Hacker News new | ask | show | jobs
by ComodoHacker 2232 days ago
Among modern successful RDBMSes employing MVCC only PosgreSQL (correct me if I'm wrong) stores stale row versions on the page. Other vendors store them in some physically separate place (tempdb in MSSQL, UNDO tablespace in Oracle, etc.) This reduces both regular read (scans) and write (page splits) I/O and eliminates the need to vacuum (more I/O).

Of course this approach requires some maintenance of that separate place. But such maintenance doesn't compete for I/O with regular workload and doesn't hurt performance.

So after decades of progress and improvement it looks like this latter approach turned out to be more efficient and is winning historically.

6 comments

Actually MSSQL still has a vacuum system under the hood ("ghost record cleanup task") that is needed even if you have disabled all MVCC features. It is not as critical as in PostgreSQL, since there will be fewer rows to clean up.

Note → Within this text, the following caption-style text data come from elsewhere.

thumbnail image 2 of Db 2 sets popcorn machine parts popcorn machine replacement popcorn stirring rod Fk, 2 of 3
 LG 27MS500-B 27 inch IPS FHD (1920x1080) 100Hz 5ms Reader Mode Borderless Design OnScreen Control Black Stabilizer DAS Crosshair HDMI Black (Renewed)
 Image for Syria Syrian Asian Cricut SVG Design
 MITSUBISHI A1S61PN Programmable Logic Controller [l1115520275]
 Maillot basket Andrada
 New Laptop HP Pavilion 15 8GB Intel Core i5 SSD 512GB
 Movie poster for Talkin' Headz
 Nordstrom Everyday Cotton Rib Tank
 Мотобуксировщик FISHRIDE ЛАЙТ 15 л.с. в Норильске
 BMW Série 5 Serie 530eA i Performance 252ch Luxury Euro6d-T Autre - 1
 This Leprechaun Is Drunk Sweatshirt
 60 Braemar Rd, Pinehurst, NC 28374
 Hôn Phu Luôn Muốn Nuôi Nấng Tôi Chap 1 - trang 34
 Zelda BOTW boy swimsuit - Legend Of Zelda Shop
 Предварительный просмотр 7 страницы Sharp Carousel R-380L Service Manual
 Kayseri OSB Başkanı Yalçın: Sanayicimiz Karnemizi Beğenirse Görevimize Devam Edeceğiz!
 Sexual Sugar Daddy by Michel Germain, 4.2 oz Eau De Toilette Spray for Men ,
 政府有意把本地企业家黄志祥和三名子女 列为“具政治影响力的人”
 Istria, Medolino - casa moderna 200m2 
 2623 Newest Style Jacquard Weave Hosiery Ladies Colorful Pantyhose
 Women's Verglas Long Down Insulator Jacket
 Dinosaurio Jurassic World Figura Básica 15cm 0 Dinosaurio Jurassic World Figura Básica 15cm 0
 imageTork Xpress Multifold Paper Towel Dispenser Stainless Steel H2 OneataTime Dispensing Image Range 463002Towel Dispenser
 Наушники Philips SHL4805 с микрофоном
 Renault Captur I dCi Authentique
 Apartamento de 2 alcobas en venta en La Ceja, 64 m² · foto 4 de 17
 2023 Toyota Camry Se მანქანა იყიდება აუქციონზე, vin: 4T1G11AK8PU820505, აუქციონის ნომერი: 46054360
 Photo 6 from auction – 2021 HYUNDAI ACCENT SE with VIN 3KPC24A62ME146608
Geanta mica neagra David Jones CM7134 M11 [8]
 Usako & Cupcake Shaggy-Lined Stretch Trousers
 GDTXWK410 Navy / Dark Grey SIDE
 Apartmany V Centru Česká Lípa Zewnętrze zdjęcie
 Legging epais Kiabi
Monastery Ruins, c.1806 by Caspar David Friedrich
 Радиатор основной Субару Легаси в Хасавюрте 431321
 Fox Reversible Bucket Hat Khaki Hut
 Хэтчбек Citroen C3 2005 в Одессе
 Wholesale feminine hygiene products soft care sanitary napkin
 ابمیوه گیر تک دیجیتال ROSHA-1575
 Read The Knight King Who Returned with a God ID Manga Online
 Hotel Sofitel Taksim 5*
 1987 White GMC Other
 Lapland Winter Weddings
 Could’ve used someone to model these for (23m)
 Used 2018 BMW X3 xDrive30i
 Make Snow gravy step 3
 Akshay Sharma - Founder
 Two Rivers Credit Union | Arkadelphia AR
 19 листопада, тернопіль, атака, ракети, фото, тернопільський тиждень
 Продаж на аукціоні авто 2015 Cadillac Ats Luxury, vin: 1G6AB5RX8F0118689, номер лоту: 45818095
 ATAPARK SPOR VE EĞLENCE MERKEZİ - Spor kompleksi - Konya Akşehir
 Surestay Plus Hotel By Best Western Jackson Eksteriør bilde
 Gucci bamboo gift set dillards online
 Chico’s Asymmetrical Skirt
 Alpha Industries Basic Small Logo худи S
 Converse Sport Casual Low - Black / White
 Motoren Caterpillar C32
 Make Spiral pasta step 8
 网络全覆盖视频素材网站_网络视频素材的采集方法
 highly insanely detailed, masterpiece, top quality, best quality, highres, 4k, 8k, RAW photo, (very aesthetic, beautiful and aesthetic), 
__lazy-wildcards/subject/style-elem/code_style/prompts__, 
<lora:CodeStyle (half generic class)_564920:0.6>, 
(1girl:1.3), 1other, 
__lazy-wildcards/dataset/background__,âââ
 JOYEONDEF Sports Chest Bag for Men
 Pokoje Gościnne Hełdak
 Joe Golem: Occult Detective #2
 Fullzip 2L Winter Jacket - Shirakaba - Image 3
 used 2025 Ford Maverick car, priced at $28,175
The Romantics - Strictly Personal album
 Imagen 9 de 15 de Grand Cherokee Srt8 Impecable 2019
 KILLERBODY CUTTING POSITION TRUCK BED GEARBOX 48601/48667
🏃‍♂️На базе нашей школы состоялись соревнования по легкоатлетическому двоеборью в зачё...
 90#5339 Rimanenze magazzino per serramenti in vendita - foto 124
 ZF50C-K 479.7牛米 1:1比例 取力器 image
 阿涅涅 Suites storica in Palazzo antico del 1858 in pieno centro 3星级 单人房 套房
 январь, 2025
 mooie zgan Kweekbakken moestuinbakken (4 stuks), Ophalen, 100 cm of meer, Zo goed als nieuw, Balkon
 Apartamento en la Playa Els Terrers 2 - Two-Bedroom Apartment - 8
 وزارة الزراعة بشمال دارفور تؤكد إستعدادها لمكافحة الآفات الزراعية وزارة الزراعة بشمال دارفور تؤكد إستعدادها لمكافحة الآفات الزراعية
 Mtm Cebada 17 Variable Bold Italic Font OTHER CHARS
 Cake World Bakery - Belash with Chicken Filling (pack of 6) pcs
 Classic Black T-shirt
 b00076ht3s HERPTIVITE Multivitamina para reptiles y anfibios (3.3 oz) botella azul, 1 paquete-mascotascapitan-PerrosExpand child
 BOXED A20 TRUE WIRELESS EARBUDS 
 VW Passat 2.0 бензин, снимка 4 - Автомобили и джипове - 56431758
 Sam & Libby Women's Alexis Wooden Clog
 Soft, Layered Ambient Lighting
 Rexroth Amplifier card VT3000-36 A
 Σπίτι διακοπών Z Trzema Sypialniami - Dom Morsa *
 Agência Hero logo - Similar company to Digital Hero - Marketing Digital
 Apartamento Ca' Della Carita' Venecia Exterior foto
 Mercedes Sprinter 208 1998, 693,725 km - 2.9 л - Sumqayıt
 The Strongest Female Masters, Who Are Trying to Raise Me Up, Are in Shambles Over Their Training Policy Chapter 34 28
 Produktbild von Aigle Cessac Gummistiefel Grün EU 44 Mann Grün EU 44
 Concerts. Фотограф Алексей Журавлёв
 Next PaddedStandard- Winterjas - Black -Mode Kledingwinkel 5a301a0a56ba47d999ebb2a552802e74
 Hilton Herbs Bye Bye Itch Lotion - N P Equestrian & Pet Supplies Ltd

It runs automatically in the background, with rather conservative settings that usually prevent it from having much perf impact.

The system also ties into MVCC because deleted rows in the main table cannot be removed while any query can still access some other version of that row. The same is true when changing any key column in an index. In those cases, the update is a delete and insert within that index. And the deleted row must stick around if there is any transaction that could read it.

So while SQL Server does not get as many rows that needs to be vacuumed as PostgreSQL does, just storing the versions separately certainly does not completely eliminate the need for after the fact cleanup.

This is exactly what MySQL (and I think Oracle) does. The final delete of a row remains tombstoned in the main table until a background process determines it is safe to remove based on transaction visibility (MySQL calls this purge).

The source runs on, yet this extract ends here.